With pictures removed, output every record below exactly as written.

**Source material**
..............................

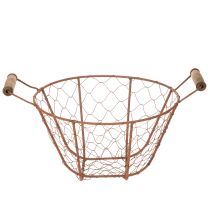 Artículo Cesta redonda vintage de alambre con asas de madera, cesta de metal, acabado oxidado, Ø22cm
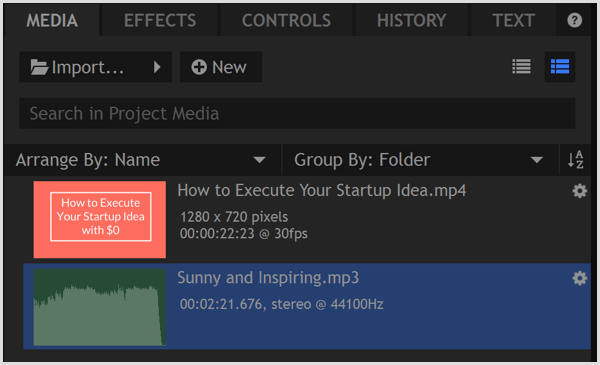 HitFilm Express importerar filer till mediebiblioteket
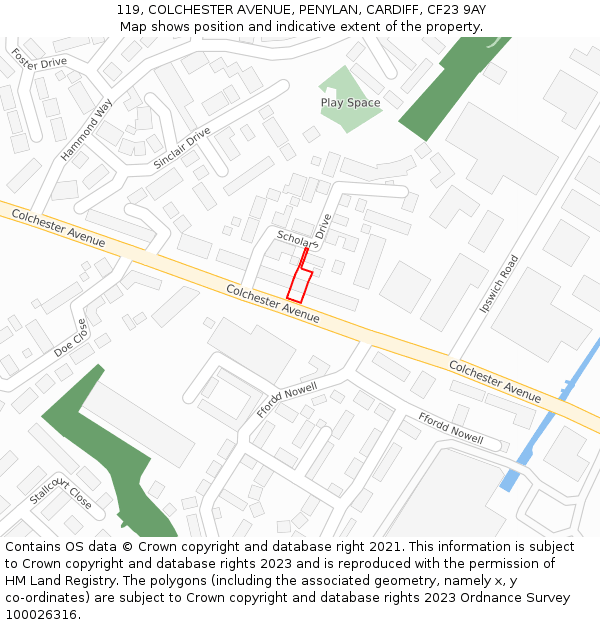 119, COLCHESTER AVENUE, PENYLAN, CARDIFF, CF23 9AY: Location map and indicative extent of plot
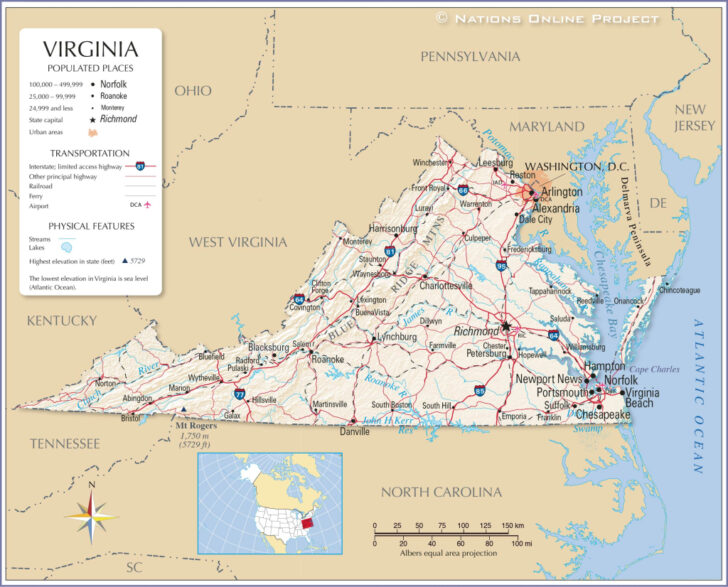 Virginia on the Map of USA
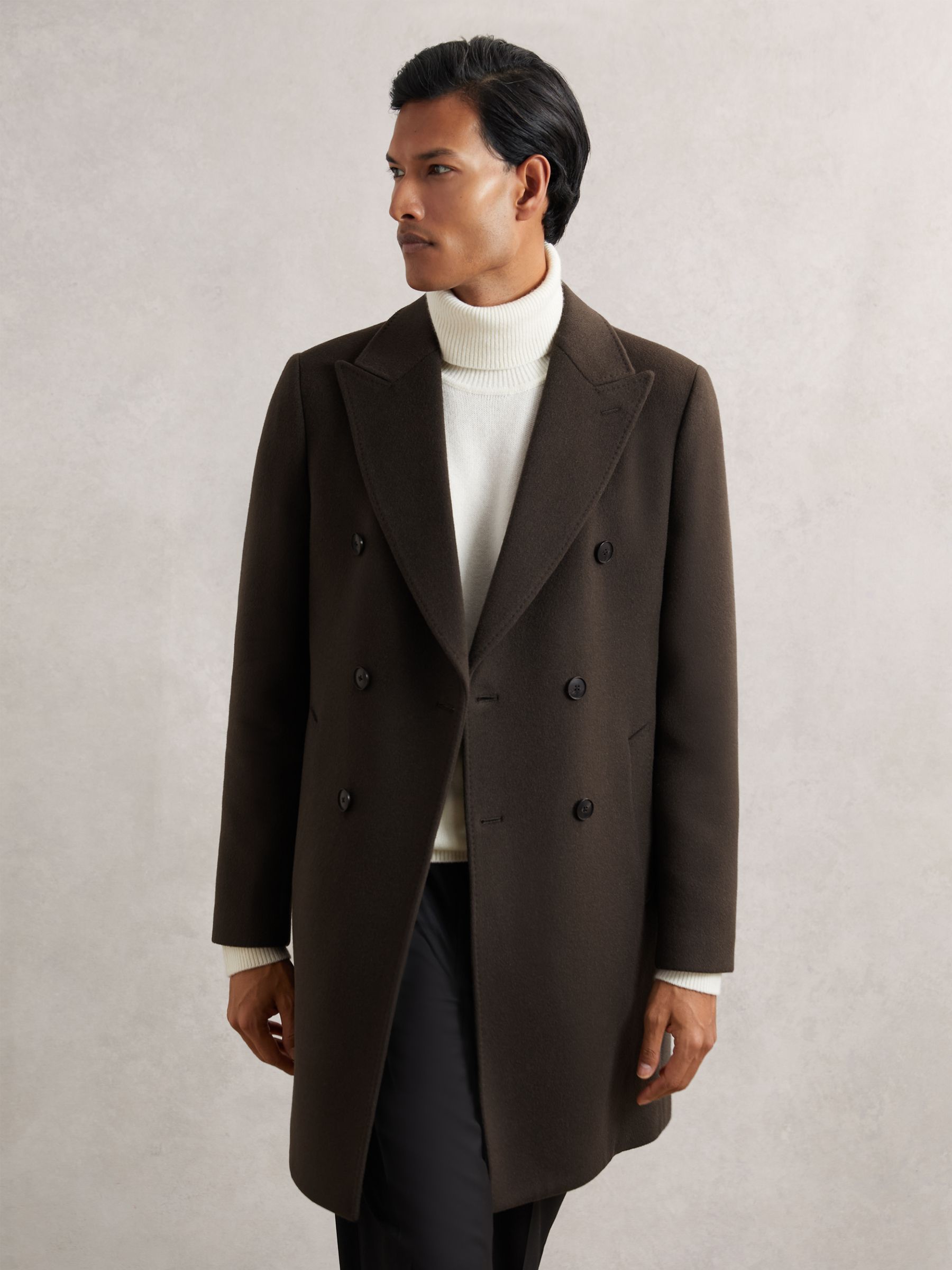 Wool-Blend Double-Breasted Overcoat in Dark Khaki Green - Image 4 of 6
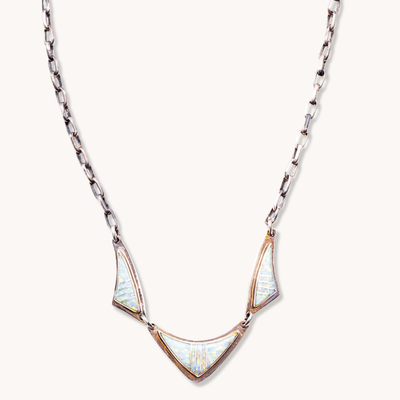3-Pendant Opal Inlay Necklace — hand-stamped sterling silver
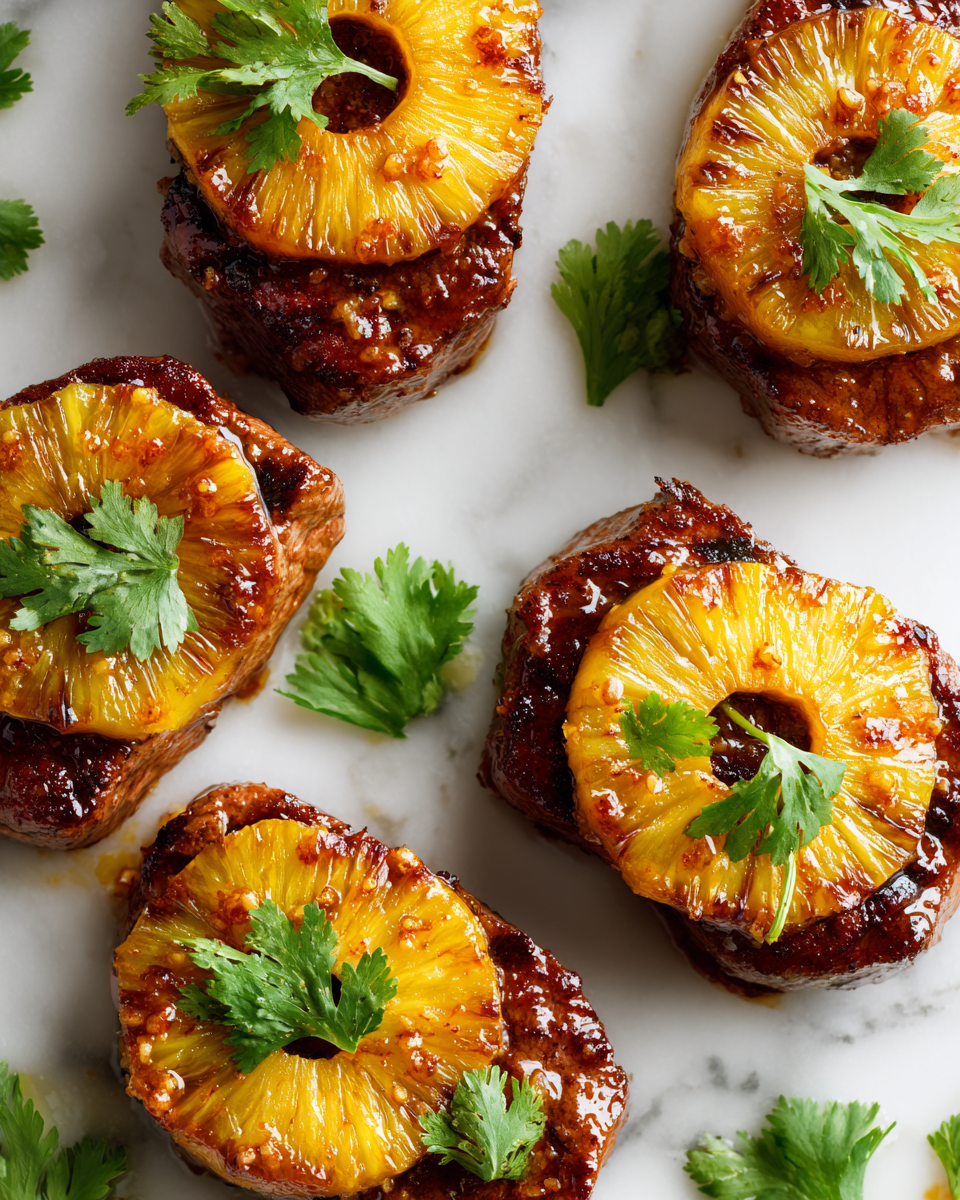 Deliciosas Chuletas de Ternera con Piña para el Verano Chuletas de ternera a la parrilla con piña, sabor tropical y perfecto para el verano.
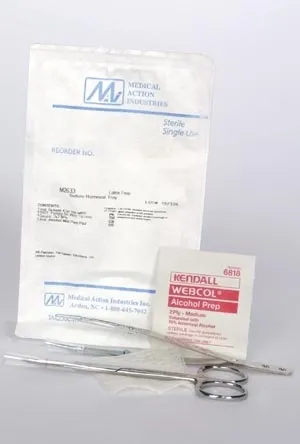 MEDICAL ACTION INDUSTRIES - M2633 - Medical Action Suture Removal Kit Tray Includes: (1) SS Iris, (1) Metal Insert Forceps, (1) Alcohol Prep Pad, Gauze, Sterile
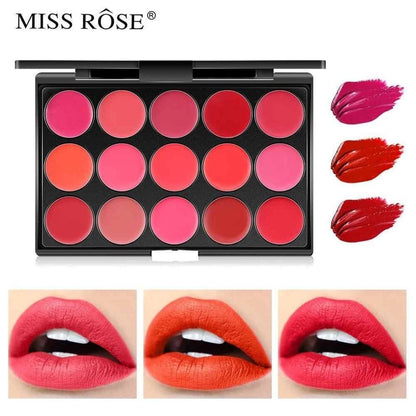 MISS ROSE 15 Colors Lipstick Palette
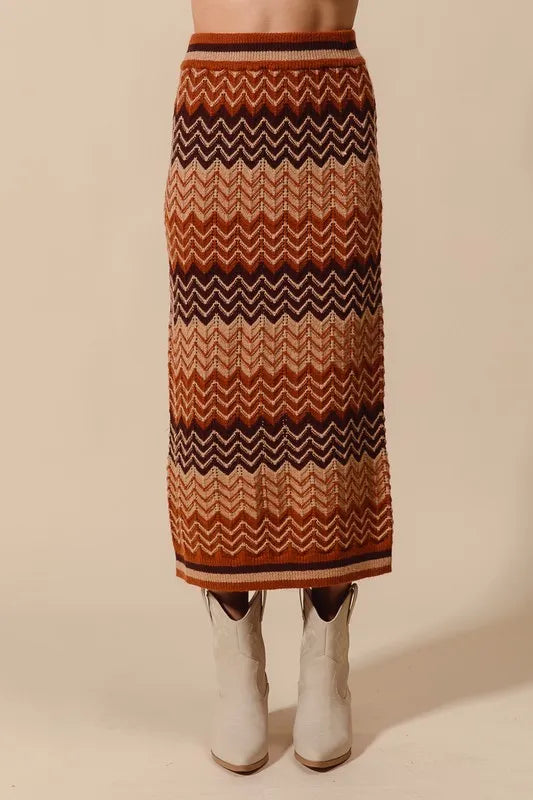SO ME Multi Color Chevron Knit Skirt - Brittney MADE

..............................

**Solution to this problem**
 Artículo Cesta redonda vintage de alambre con asas de madera, cesta de metal, acabado oxidado, Ø22cm
 HitFilm Express importerar filer till mediebiblioteket
 119, COLCHESTER AVENUE, PENYLAN, CARDIFF, CF23 9AY: Location map and indicative extent of plot
 Virginia on the Map of USA
 Wool-Blend Double-Breasted Overcoat in Dark Khaki Green - Image 4 of 6
3-Pendant Opal Inlay Necklace — hand-stamped sterling silver
 Deliciosas Chuletas de Ternera con Piña para el Verano Chuletas de ternera a la parrilla con piña, sabor tropical y perfecto para el verano.
 MEDICAL ACTION INDUSTRIES - M2633 - Medical Action Suture Removal Kit Tray Includes: (1) SS Iris, (1) Metal Insert Forceps, (1) Alcohol Prep Pad, Gauze, Sterile
 MISS ROSE 15 Colors Lipstick Palette
SO ME Multi Color Chevron Knit Skirt - Brittney MADE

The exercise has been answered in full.